Beating imposter syndrome as a designer

Beating imposter syndrome as a designer

You're coasting along feeling good about your design skills. You're producing good work on demand, with ease. You decide to see what's going on today on design twitter and... there's an army of incredibly talented designers out there producing masterpieces without batting an eyelid.

They're doing better and more interesting work than you. They're making way more than you, working at cooler companies than you, and they have better hair than you.

You start to wonder whether you're as good as you think. In fact, you're starting to wonder whether you actually suck as a designer.

Don't worry, you're not alone. We've all been there at some point. But that feeling needs to be addressed.

Why? Because confidence lets you sell your designs with conviction, take creative risks, and gain the credibility to influence meaningful strategic choices.

It's a very important part of the inner game of being a designer. So how can we cultivate creative confidence? First, we have to understand where it comes from.

The source of confidence

Confidence comes from competence and integrity. Competence takes time and effort to build, but integrity is always available to you.

Integrity is an incredibly overloaded term. What do I mean by integrity here?

  1. Keeping promises to yourself and others
  2. Putting sufficient mental effort and time into your work
  3. Being disciplined about improving your skills over time

Competence is a moving target. Integrity is a much more attainable and durable source of confidence. Did you show up and spend enough time working on a design? You said you would explore three variations of this flow. Did you knock out all three? Have you taken steps to level up your design skills this week?

These are things you can do whether it's your first time opening Figma or whether you're a design god. It's a source of confidence that stays with you regardless of circumstance.

Some practical advice

Slow and steady progress over long periods of time breeds excellence. If you make and keep small promises to yourself, you will accumulate competence over time.

I would start out by simply setting aside time for improving your skills. Don't worry too much about working on the perfect thing. First, just carve out time consistently. I would do it early in the day before other tasks and obligations crowd out your opportunity for improvement.

It's hard to systematically improve at putting sufficient mental effort into your work and keeping promises. I would suggest you keep a journal to track what promises you're making and how much mental effort you're putting in to your work. Assess yourself each day on how you did and sketch out how you can do better tomorrow.
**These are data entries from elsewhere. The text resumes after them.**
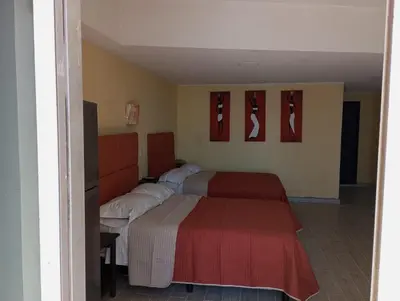Cama o camas de una habitación en Departamento con hermosa vista al mar y acceso a playa, 2 albercas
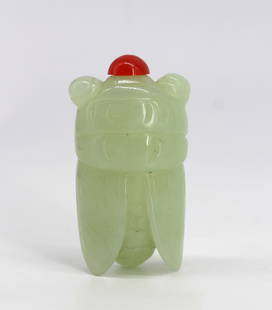Chinese Pale Celadon Jade Cicada-Form Snuff Bottle: Chinese Pale Celadon Jade Cicada-Form Snuff Bottle Projecting wings, and with a carved underside and large circular eyes, with a red resin cap.. Length 2.75 in. Snuff bottles were personal
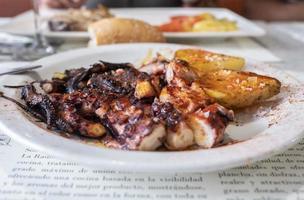 grilled octopus dish with a special sauce accompanied by roasted potatoes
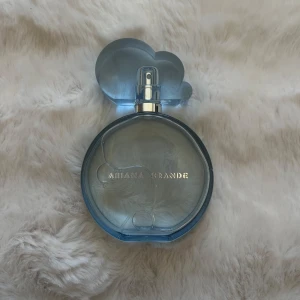 Ariana Grande blå parfymflaska - Trendig parfym från Ariana Grande i en snygg blå flaska med molnformad kork. Perfekt för dig som vill ha en cool accessoar på sminkbordet och gillar Ariana Grande.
You'd be shocked at how much progress you can make on elusive, crucial character goals using a simple journal and some earnest reflection.

A corollary on interpersonal confidence

Confidence is not just about feeling good about yourself when you go on design twitter. It's much more about being willing to advocate for good design on teams of people, being able to sell your ideas, and feeling empowered to take design risks.

If you're trying to sell an idea to your engineering team and they're consistently unconvinced, you need to really ask yourself if you did the work.

Did you really take the time to explore all the possibilities so that you could pre-empt their objections? Did you proactively reach out to them so you could understand their constraints? Were you very intentional with all of your design choices so that you could justify them under pressure?

If you did all those things, you'd have much more confidence in pushing back and arguing firmly in good faith for great design.

And if you did all those things and you're still not convincing, then perhaps it's the skill of influence that you need to focus on cultivating.

The inner citadel

A good poker player judges themselves on how they played their hand rather than on the outcome. As a designer, you don't control other people's perceptions, team dynamics, design trends, changes in your tech stack. In fact, you don't even control your own skill level. You can't snap your fingers and become a design god just because you will it. It takes time and can be a somewhat non-linear process.

But you can play your hand in the best possible way every day. That's where you should focus and that should be the wellspring of your confidence. If you do that, you'll gain overwhelming competence over the long term. But more importantly, you'll be playing a deeper and more meaningful game that will save you from life as a hungry ghost, chasing moving targets that you can never ultimately reach.

Become the type of person who would rather play the game well and lose than play it badly and win. You'll be happier and more confident for it.